Get to know the voice behind Lois Griffin
Once I actually watched it though, I really began to question the deal. To be brutally honest, which is hard considering I find her attractive and am impressed by her status as a working TV writer, but this show just isn't that good. There are certainly decent parts, and Borstein is eminently likable, selling even her weakest material with ease, but I barely responded to her stories and bits with more than a chuckle, even when her effort and personality begged for a laugh. Perhaps I'm not the target audience.
Or perhaps it was her opening act. It's been said that performers choose their opening acts to make themselves look better. In Borstein's case, that certainly makes sense, as Teddy Towne, the stage persona of Ted Hardwick, definitely makes Borstein shine. Presenting himself as an old-school entertainer, like a slightly more masculine John Waters, he whips through a set of weak L.A.-style jokes before performing a musical segue into Borstein's part of the show.

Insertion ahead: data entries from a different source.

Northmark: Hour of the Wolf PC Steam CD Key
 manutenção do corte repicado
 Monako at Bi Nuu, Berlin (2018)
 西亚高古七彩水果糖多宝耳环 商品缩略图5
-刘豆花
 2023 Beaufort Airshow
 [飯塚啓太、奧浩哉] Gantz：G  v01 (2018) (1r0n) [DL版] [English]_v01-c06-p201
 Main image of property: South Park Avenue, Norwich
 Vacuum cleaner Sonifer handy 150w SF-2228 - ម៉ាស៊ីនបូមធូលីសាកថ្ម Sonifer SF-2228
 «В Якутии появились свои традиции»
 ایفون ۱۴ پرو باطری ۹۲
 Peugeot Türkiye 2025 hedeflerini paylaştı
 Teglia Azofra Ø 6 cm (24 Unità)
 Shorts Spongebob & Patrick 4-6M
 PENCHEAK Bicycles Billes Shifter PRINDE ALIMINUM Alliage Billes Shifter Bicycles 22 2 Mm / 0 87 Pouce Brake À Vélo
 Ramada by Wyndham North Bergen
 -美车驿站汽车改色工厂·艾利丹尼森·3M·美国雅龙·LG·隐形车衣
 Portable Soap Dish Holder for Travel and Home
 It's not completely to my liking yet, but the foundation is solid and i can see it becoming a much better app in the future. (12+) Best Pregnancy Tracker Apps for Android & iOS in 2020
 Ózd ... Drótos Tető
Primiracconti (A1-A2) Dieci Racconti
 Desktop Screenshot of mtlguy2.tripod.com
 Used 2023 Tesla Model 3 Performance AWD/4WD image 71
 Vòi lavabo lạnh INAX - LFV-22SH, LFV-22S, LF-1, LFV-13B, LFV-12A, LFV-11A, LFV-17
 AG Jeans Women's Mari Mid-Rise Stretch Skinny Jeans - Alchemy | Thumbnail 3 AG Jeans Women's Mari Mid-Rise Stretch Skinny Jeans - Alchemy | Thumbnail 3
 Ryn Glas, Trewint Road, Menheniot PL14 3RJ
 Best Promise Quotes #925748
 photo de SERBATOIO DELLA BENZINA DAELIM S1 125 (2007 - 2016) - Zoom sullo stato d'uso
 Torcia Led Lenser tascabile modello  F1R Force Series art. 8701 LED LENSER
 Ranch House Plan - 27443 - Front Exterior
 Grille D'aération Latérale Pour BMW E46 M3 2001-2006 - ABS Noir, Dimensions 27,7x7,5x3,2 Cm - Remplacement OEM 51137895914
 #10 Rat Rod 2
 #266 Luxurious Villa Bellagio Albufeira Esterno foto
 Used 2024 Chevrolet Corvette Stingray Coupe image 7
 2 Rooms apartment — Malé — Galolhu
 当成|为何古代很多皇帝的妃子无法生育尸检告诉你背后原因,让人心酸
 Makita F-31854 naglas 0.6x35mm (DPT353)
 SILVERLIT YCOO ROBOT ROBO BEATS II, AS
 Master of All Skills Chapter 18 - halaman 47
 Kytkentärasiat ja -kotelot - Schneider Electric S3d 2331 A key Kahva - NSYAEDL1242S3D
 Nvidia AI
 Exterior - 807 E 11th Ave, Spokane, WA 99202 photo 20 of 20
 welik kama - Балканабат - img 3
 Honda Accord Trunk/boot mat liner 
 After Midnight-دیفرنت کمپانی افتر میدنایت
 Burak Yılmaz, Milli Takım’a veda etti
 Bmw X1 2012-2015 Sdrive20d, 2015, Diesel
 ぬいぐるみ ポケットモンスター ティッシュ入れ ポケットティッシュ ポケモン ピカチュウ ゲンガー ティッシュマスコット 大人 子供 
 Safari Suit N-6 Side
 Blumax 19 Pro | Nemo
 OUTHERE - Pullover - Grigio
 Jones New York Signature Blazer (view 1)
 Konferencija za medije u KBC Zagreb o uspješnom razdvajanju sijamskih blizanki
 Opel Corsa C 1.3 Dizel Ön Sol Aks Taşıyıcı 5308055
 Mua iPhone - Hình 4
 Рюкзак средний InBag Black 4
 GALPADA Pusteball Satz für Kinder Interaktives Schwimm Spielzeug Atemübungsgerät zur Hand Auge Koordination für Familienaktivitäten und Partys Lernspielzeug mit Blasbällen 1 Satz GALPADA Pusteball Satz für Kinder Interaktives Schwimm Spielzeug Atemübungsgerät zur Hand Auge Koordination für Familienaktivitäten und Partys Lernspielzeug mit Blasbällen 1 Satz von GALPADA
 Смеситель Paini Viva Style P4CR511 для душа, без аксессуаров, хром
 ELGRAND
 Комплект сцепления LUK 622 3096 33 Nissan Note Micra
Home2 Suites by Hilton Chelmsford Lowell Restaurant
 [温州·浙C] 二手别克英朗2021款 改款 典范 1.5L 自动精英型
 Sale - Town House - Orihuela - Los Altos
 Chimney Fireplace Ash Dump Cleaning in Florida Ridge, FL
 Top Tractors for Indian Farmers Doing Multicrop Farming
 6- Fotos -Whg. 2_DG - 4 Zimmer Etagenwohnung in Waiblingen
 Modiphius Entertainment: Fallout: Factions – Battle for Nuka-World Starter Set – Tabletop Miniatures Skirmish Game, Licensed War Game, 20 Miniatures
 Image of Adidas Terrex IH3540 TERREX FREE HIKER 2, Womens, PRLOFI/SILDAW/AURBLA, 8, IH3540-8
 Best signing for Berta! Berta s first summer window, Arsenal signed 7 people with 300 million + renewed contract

Borstein's act is very energetic, punched up with verbal outbursts and some vulgar language, as she talks about the topics you'd expect from a "Family Guy" writer, including '80s TV, movies and politically incorrect old Jewish women, taking a few sidetrips into family stories. The stories, which add up to just 53 minutes of show, are mildly amusing, but wouldn't work well without her delivery.
When describing the girls of "The Facts of Life" or imitating Rosie O'Donnell and Natalie Merchant (sounding great doing so), she'll make you smile, but her best work here is in discussing the breakdowns used to cast TV shows and movies. Her bemused outrage at the narrow, physically-focused and simply stupid descriptions of the various roles for women is fun to watch, as she acts out silly concepts like a woman OK with being topless and good at improv, or pretends to be an exotic dancer.
Looking at this demure little lady, you wouldn't expect to hear this stuff coming out of her mouth, but once you do hear it you'd expect more of it. It's just not here in this hybrid stand-up/monlogue.
The audio is a mono mix, presented in a Dolby Digital 2.0 track. It's OK for what's basically all dialogue, though at times her voice drops out, unfortunately on her final punchline.
There's also the full song from the show's closing credits to listen to.